The CIA and its predecessor, the Office of Strategic Services (OSS) of World War II, have seldom had serious difficulties with the Congress or American public opinion over their intelligence-gathering activities. Nor have they had difficulties when their positive covert operations were in support of the armed forces of the US in an open and avowed war.
The OSS operated in support of the regular armed forces in a declared war which happened also to be the biggest and most popular war in the history of the US. Its most serious problem was in convincing some of the generals of the regular armed forces that it could be of help. Gen. Douglas MacArthur refused to have it in his theater. He wanted to run his own show in every respect.

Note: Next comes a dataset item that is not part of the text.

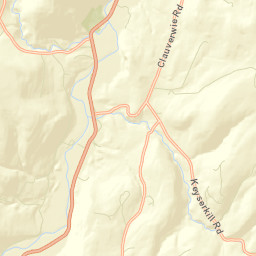 Breakabeen New York Street Map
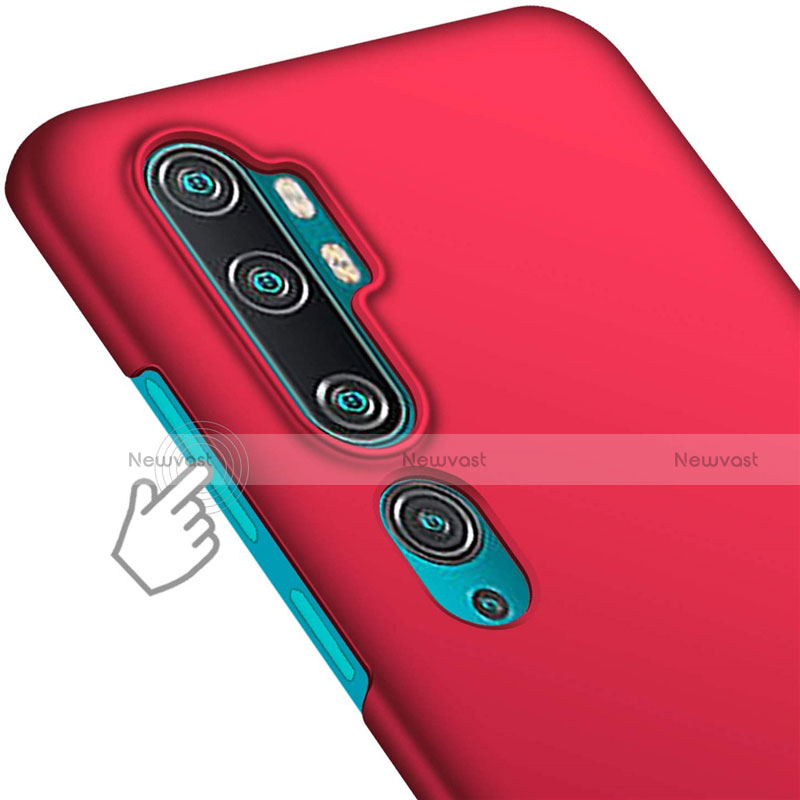 Hard Rigid Plastic Matte Finish Case Back Cover D01 for Xiaomi Mi Note 10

Except for such lack of confidence in its ability to be useful, the OSS had few problems. It was fortunate to be operating in a milieu in which it could hardly do wrong. It was not always successful, but at least its work was aimed against the recognized and official enemy, hence it enjoyed general approval.
The CIA got into its first big problem with Congress and public opinion when it was used both by President Lyndon Johnson and President Richard Nixon for spying on American citizens. When that got out there was real trouble, in part because it was poaching on FBI territory and also because it was a violation of its charter.
It is in further trouble now because it has been conducting such large and dramatic operations against Nicaragua that those operations could not be kept ''covert.'' You simply cannot keep the arming and training of thousands of Nicaraguan rebels out of sight. Nor was it possible to mine the harbors of Nicaragua covertly.
When the scale of ''covert'' operations passes the limits of what can be kept covert, the operation becomes an act of war. In this case it is war against a government with which the US has formal relations. There is a US embassy in Managua and a Nicaraguan embassy in Washington. Travel between the two countries is open and legal. The US secretary of state, George Shultz, stopped off in Managua last Friday for a talk with leaders of the Nicaraguan government. Nicaragua is a member of the United Nations, where it enjoys much sympathy. Most of America's NATO allies disapprove of the operations against Nicaragua.
The waging of undeclared war is a violation of the Charter of the UN and of scores of other international contracts which were often framed with US help and sometimes at US initiative. Acts of war without a declaration of war are illegal under international law.
The CIA does not go around trying to drum up the kind of business that gets it into the sort of trouble it is in now. Its troubles spring from demands made upon it from other branches of government to do things it ought not to be doing.
A personal friend now retired from the CIA says that during his active service he spent much of his time trying to persuade the State Department and the White House to refrain from asking it to do things it either should not be doing or is not able to do.
Ray Cline, a former deputy director of the CIA, has written that most of its troubles stem from two of its early successes. The first was the overthrow in 1953 of the Mossadegh regime in Iran and the restoration of the Shah. It was done almost literally by one CIA operative going to Tehran with a suitcase of money and buying a street mob.
The second came a year later when the CIA armed a small band of Guatemalan dissidents in Honduras and pushed them across the border.
Both operations achieved their immediate purposes quietly, easily, and cheaply. But the local political situation was ripe for change in both cases. Nicaragua is not ripe for a counterrevolution. Its regime cannot be overthrown quietly, easily, and cheaply. The CIA's cover has been blown. The CIA is in trouble with Congress as a result.
Moral: Never ask the CIA to do something that cannot be done covertly. The moment such an operation ceases to be covert, Washington has handed Moscow another handsome propaganda opportunity.